El repiqueteo se convierte rápidamente en un golpeteo bastante enérgico. Es la época de las tormentas, no tiene nada de particular. Seguimos con la cena, aunque ahora, con el rumor familiar de la lluvia intensa en el exterior, hay que levantar un poco la voz al hablar.
Menos de dos minutos más tarde, ella me mira y dice o pregunta, casi en un grito: eso tiene que ser granizo. En ese preciso momento, los titanes deciden, allá arriba, rasgar los sacos de hielo y vaciarlos sobre esta parte del planeta azul. El golpeteo se convierte poco a poco en estruendo, luego en rugido, luego en alarido. Temo por los cristales de la fachada sur. ¿Se romperá alguno? ¿Se abollará la carcasa del calentador? Una de las niñas se encoge en un rincón y llora. Las otras corren hacia la ventana que da a la calle gritando hail, it's hail! En un momento, el jardín de la entrada y la acera están cubiertos por un manto de garbanzos blancos y brillantes que parecen moverse, saltar y reproducirse por sí mismos. A veces cae del cielo un chorro de garbanzos nuevos y pienso: es como si de verdad los tuvieran metidos en sacos allí arriba.

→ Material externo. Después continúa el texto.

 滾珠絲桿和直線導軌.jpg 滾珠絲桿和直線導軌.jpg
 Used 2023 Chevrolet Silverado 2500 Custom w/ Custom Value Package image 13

A veces son grandes como alubias igualmente blancas y brillantes, algunas transparentes.
Mis flores, pienso de repente. Puré de flores, crema de plantas ornamentales. Miro en esa dirección, pero no las veo: están bajo la capa de hielo. El arce japonés se zarandea, pero aguanta erguido a duras penas, pelón y flacucho como un espantapájaros en plena oscuridad. ¿Qué será de las azaleas, allá en lo oscuro?

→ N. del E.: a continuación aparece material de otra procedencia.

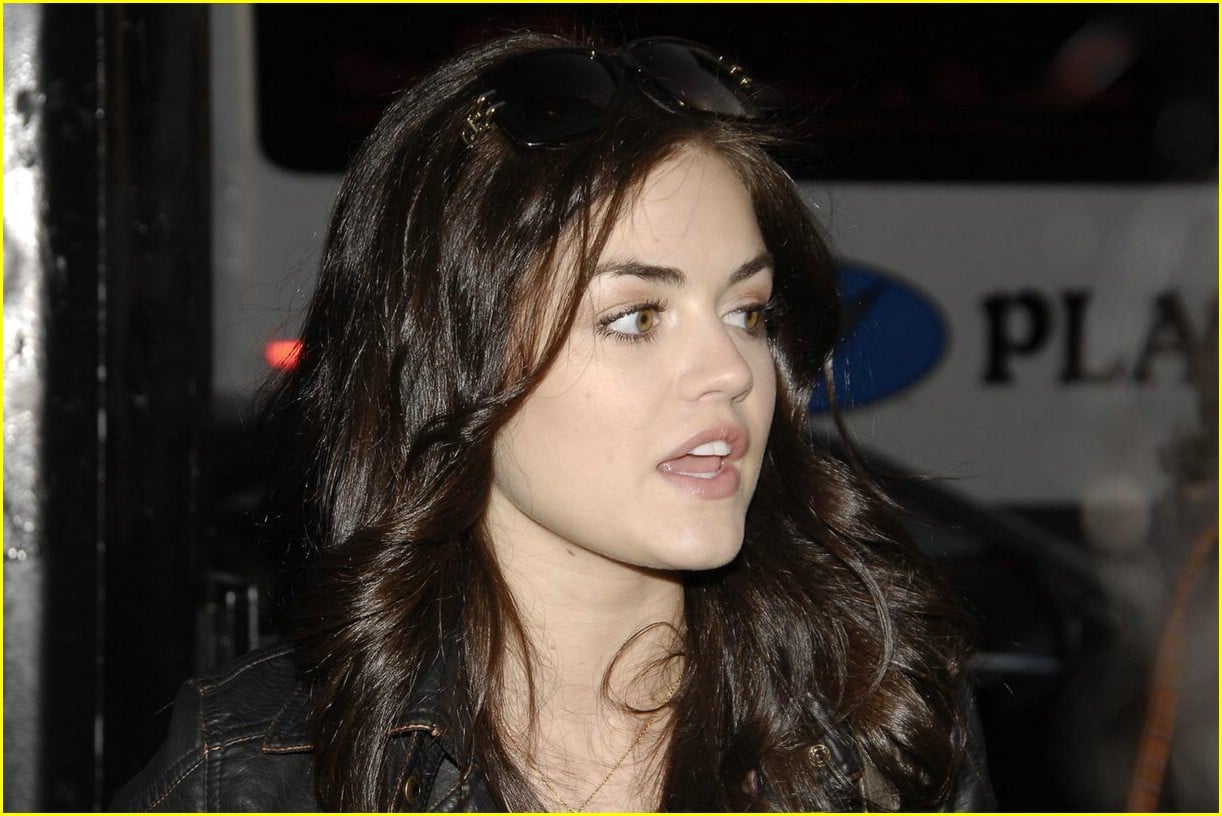 lucy hale 17 again 04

Cuando amaina la tormenta salgo con la cámara y hago unas fotos que no hacen justicia a la dimensión y la inmediatez de la riada. Me falla la descripción audiovisual, me falla por completo. Por momentos, la calle se va cubriendo de una pátina blancuzca: el hielo se sublima por el calor y el aire se satura de vapor de agua. Ya no llueve. Un silencio intenso domina la escena, con el rumor de fondo de las alcantarillas tragando ansiosas ese increíble exceso de agua que nos trajo la tormenta. Pobres plantitas, qué desastre. Terminemos de cenar.